The "Intelligent Vehicle Transport" system is on delivery duties at Nissan's Oppama, Japan plant.
Driverless delivery vehicles have been working in car factories for years, but they're guided by embedded rails or magnetic tape, which is costly to install, and restricts the vehicle’s movement. Nissan, though, has come up with a new system dubbed Intelligent Vehicle Transport that seems to solve those problems.
If you’re thinking the IVT system looks a lot like a Nissan Leaf hooked up to a trailer, you’re exactly right. The Leaf in question is outfitted with an array of cameras and sensors that allow it to drive autonomously, though it still looks rather strained in the images here.

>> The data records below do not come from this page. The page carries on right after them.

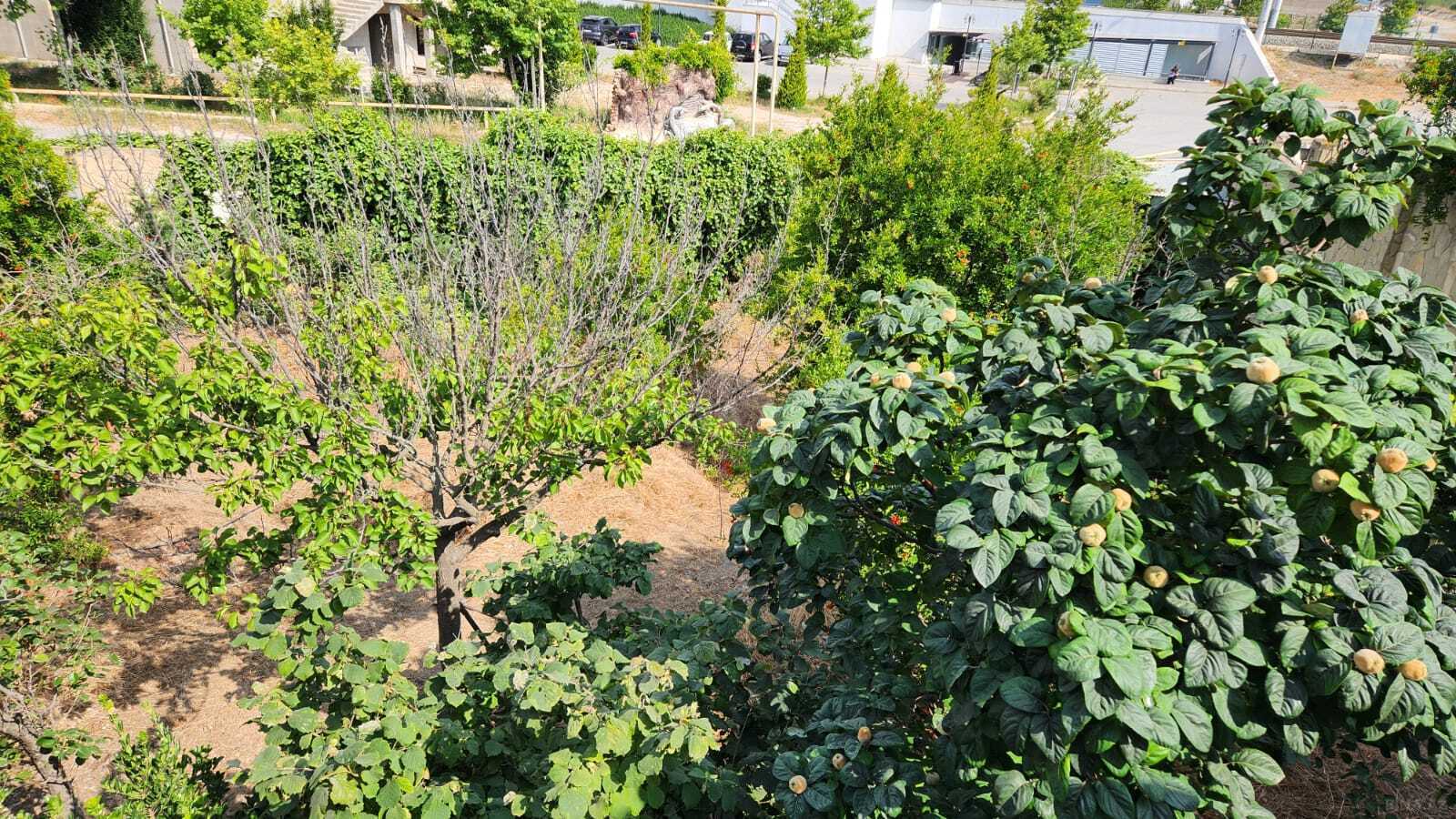 5 otaqlı həyət evi/bağ evi - Novxanı q. - 300 m² (9)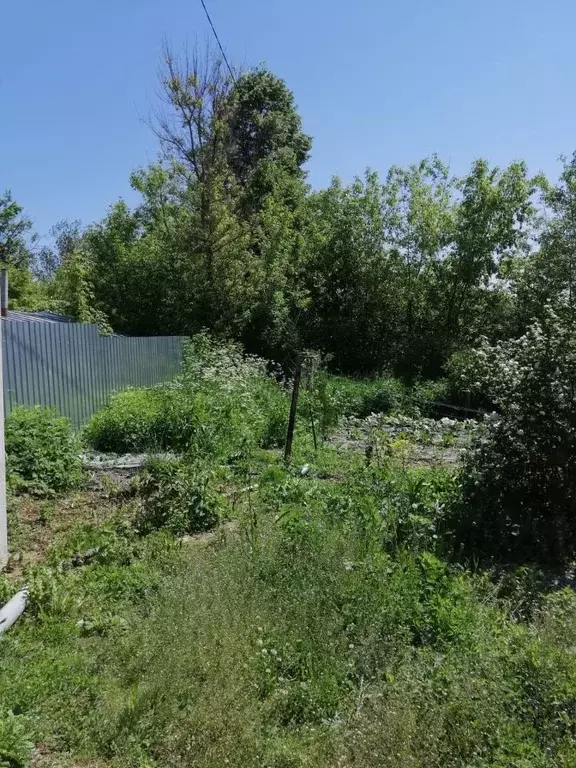 Участок в Тульская область, Алексин ул. Глинки, 10 (10.0 сот.) - Фото 2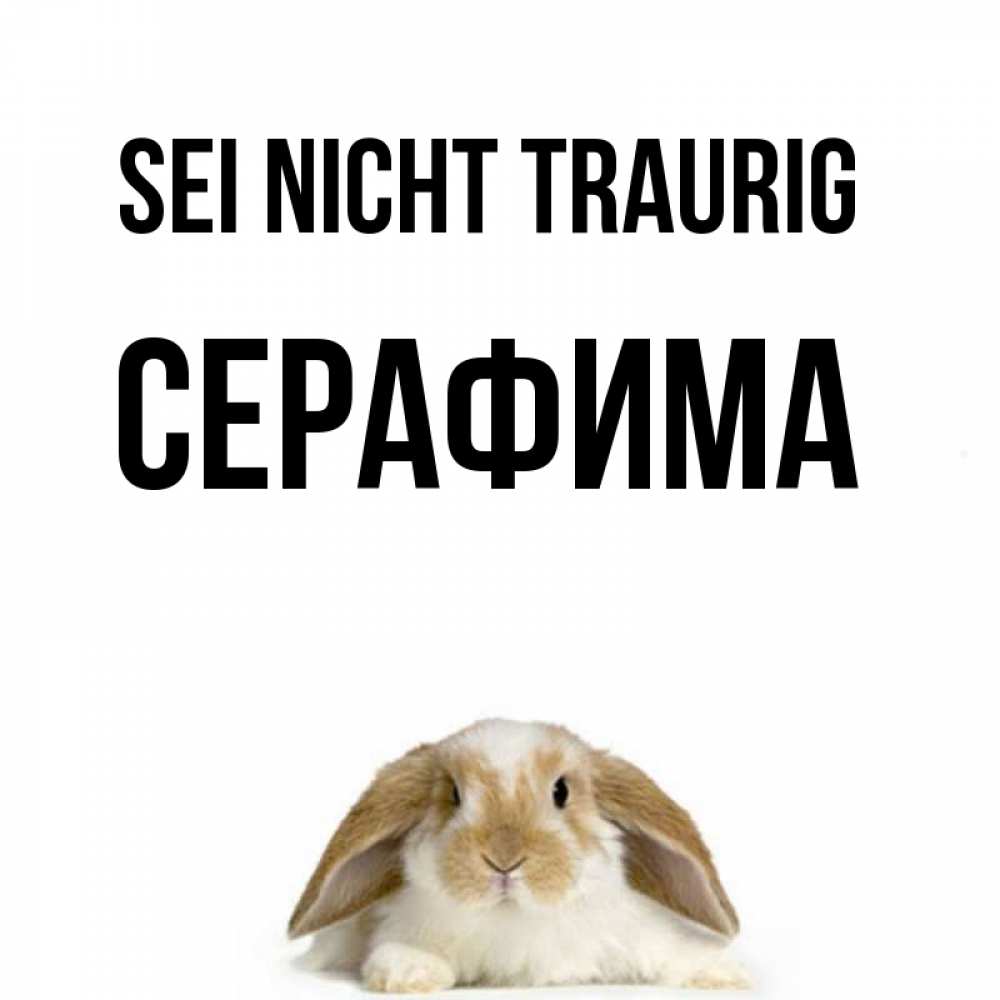 Открытка на каждый день с именем, Серафима Sei nicht traurig коричнево белый заяц с большими ушками Прикольная открытка с пожеланием онлайн скачать бесплатно 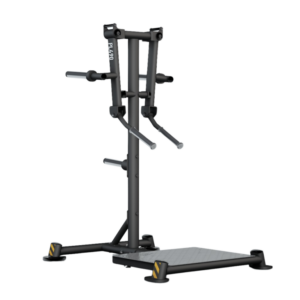 PL490B Standing Lateral Raise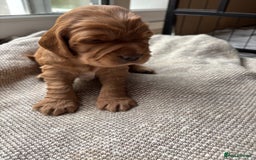 Cocker Spaniel dogs for sale: Working cocker spaniel puppies - Image 3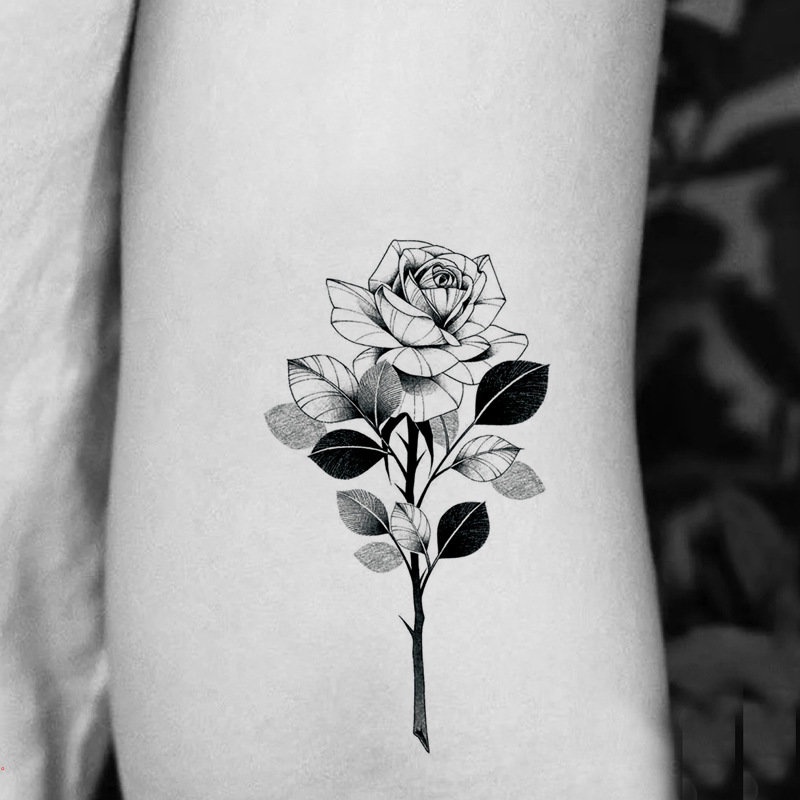 Hình Xăm Dán Tạm Thời Lâu Trôi 2 Tuần Độc Đáo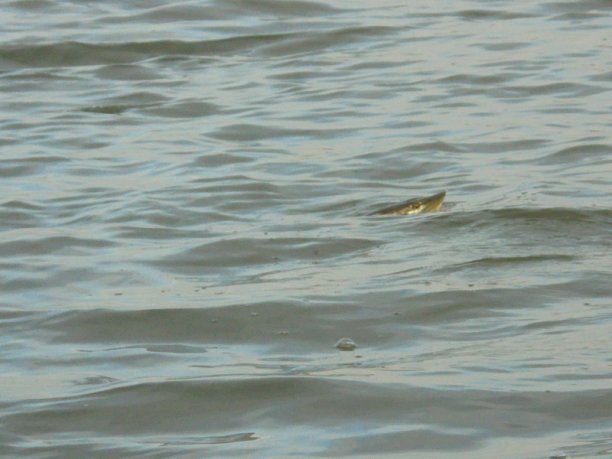 Shrap-Drakers.pl | Shrap Drakers Fishing | Wędkarstwo 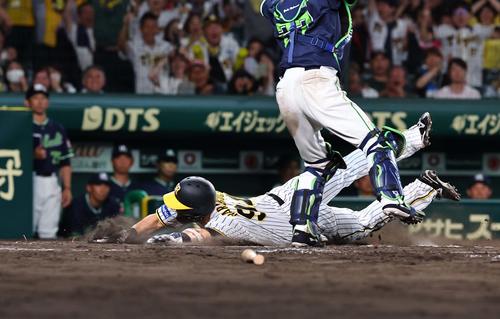 阪神対ヤクルト　9回裏阪神2死満塁、近本のサヨナラ安打で生還する原口（撮影・上田博志）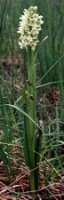 Dactylorhiza incarnata ssp. ochroleuca (stoplamek krwisty żółtawy)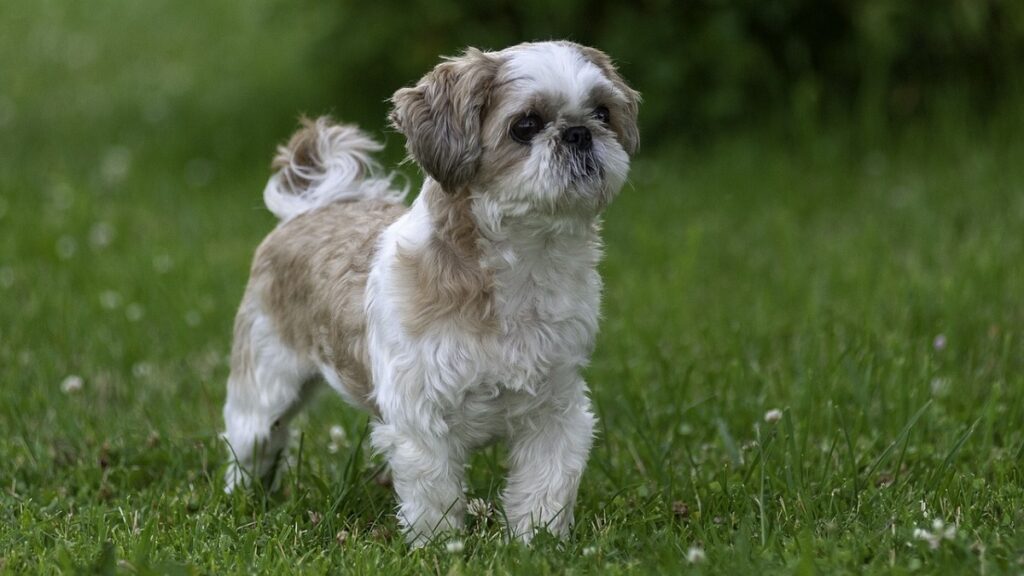 Tennessee dog breeds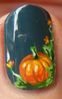 Citrouilles zoom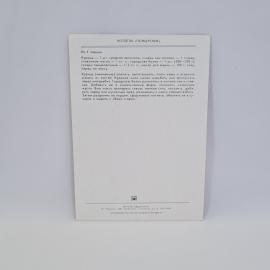 Картинка 2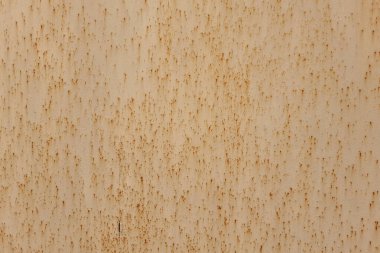 Pas desenli demir yaprağının dokusu. Yapı, mimari.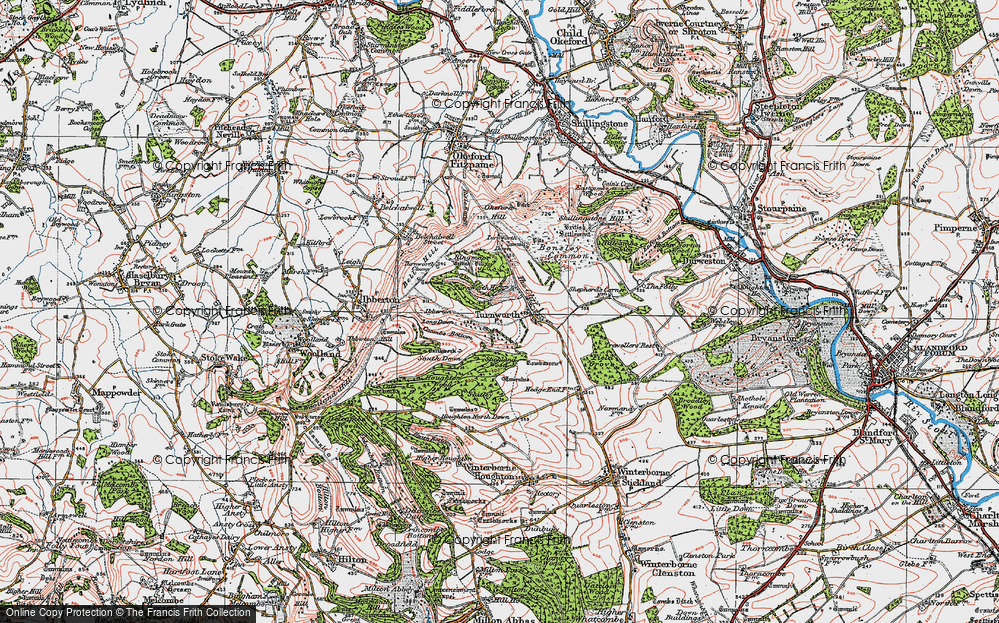 Old Map of Historic Map covering Bonsley Common in 1919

Testing has been underway at Oppama for a year or so, the team of IVTs completing over 1,600 test runs in all conditions and at every time of day.
A number of test Leafs are being used at Nissan’s vast production facility in Oppama, Japan to transport finished vehicles from the production line to quayside storage areas - a job usually done by a team of drivers. Up to three cars can be towed at a time to their designated storage area, where a human unloads and parks them.
By cross-referencing data from the sensors with map data, the car knows exactly where it is and where it is going. It stops for hazards, and the system can determine right of way when two IVTs meet. If all else fails, the Leaf can be shut down remotely from the central control room.
Testing has been underway at Oppama for a year or so, the team of IVTs completing over 1,600 test runs in all conditions and at every time of day. Much of the work has gone into developing the safety and fail-safe systems.
Testing will go on while Nissan evaluates whether or not the IVT system can be implemented at its other plants around the world.
Earlier this year, Nissan launched its ProPilot “single-lane” autonomous driving system on the latest Japanese-market Serena minivan.